Short text fragments from websites ->

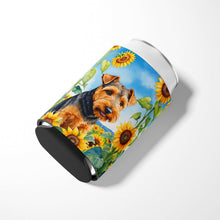Load image into Gallery viewer, Welsh Terrier in Sunflowers Can or Bottle Hugger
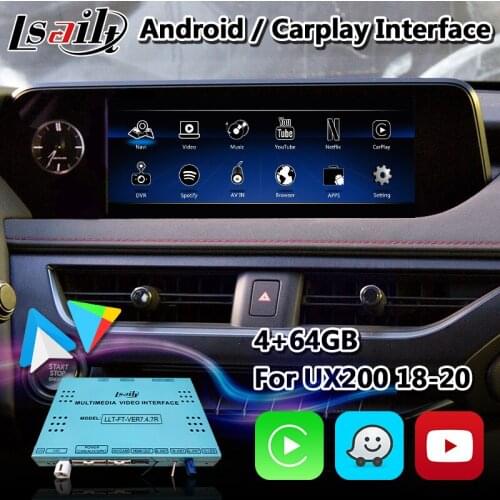 Android Multimedia Video Interface for Lexus UX200 Touchpad Control GPS Navigation Box UX 200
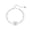 B, variant on Sliver Initial Bracelets For Girls Women Trendy Dainty Gold/Silver Plated Layered Beaded Initial Bracelet Disc Monogram Bracelets For Women Girls Valen
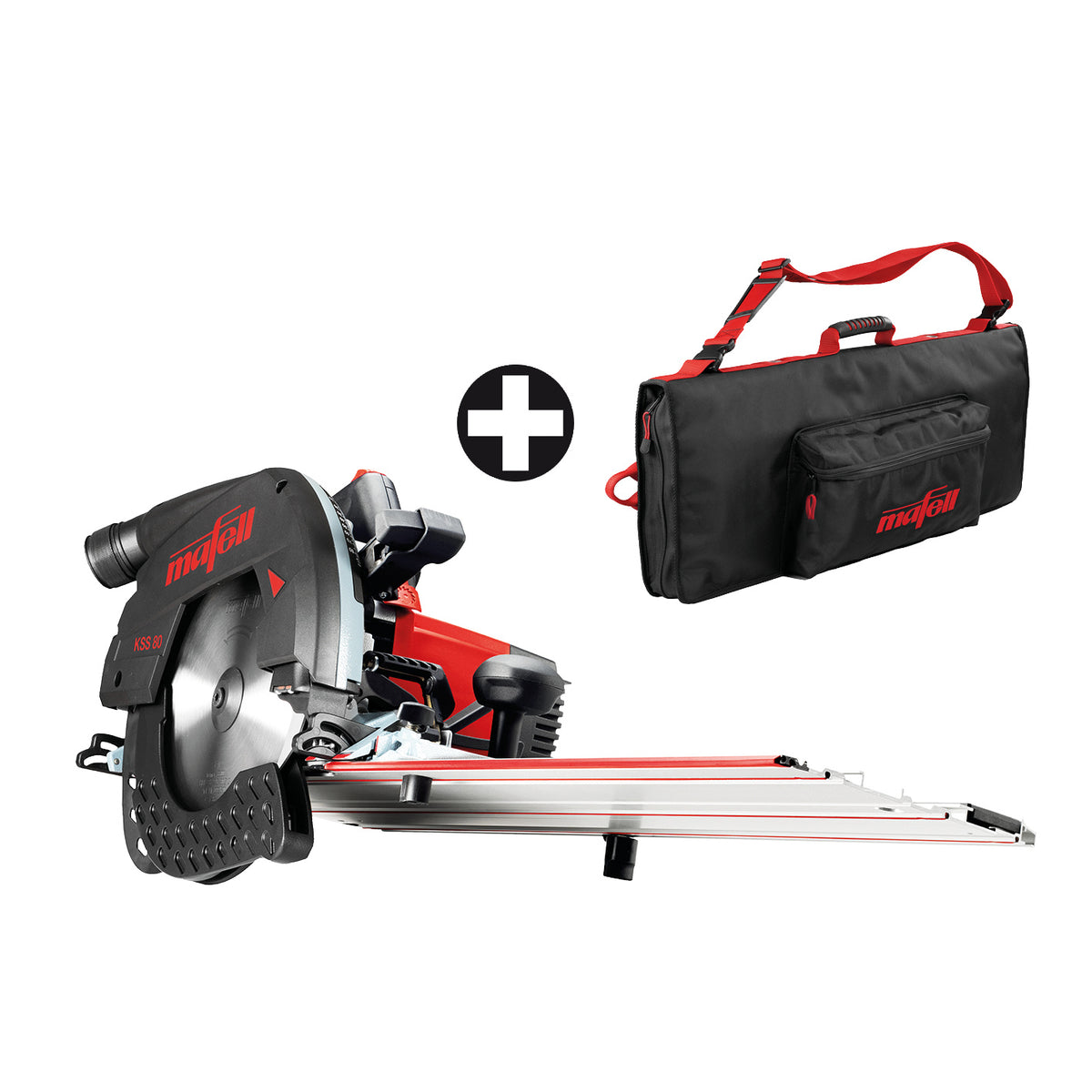Set: Mafell Kappschienen-Säge KSS 80 + Tasche TZ-FT800 - DEAL493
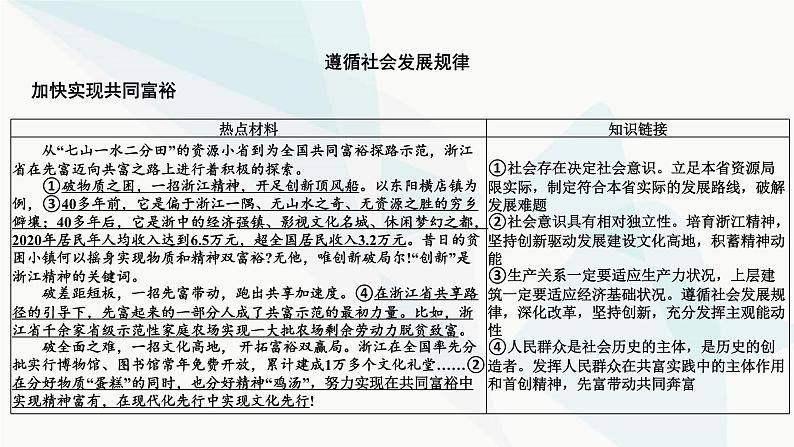 2024届高考政治一轮复习必修4哲学与文化第二单元认识社会与价值选择阶段综合提升课件第3页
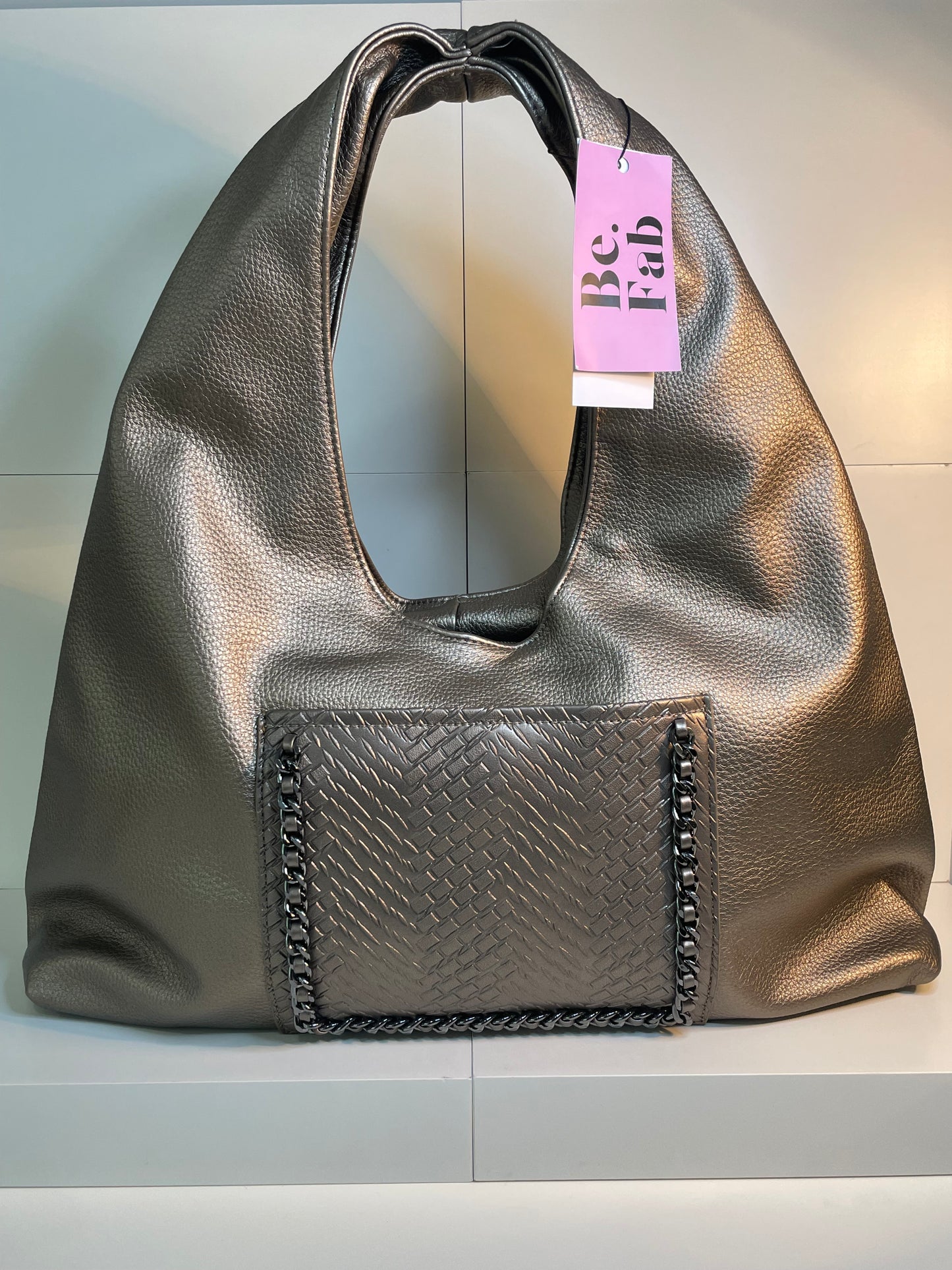 Max Pewter Bag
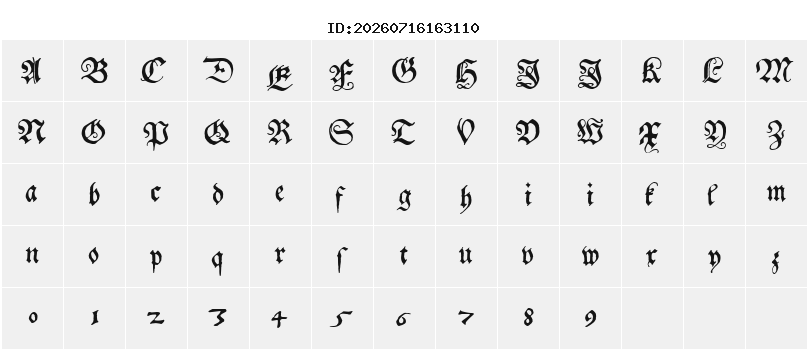 Character Map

Work task -> All records above must be output exactly as they stand, excluding pictures.

Expected output ->
Load image into Gallery viewer, Welsh Terrier in Sunflowers Can or Bottle Hugger
 Android Multimedia Video Interface for Lexus UX200 Touchpad Control GPS Navigation Box UX 200
 B, variant on Sliver Initial Bracelets For Girls Women Trendy Dainty Gold/Silver Plated Layered Beaded Initial Bracelet Disc Monogram Bracelets For Women Girls Valen
Set: Mafell Kappschienen-Säge KSS 80 + Tasche TZ-FT800 - DEAL493
 2024届高考政治一轮复习必修4哲学与文化第二单元认识社会与价值选择阶段综合提升课件第3页
 Max Pewter Bag
 Character Map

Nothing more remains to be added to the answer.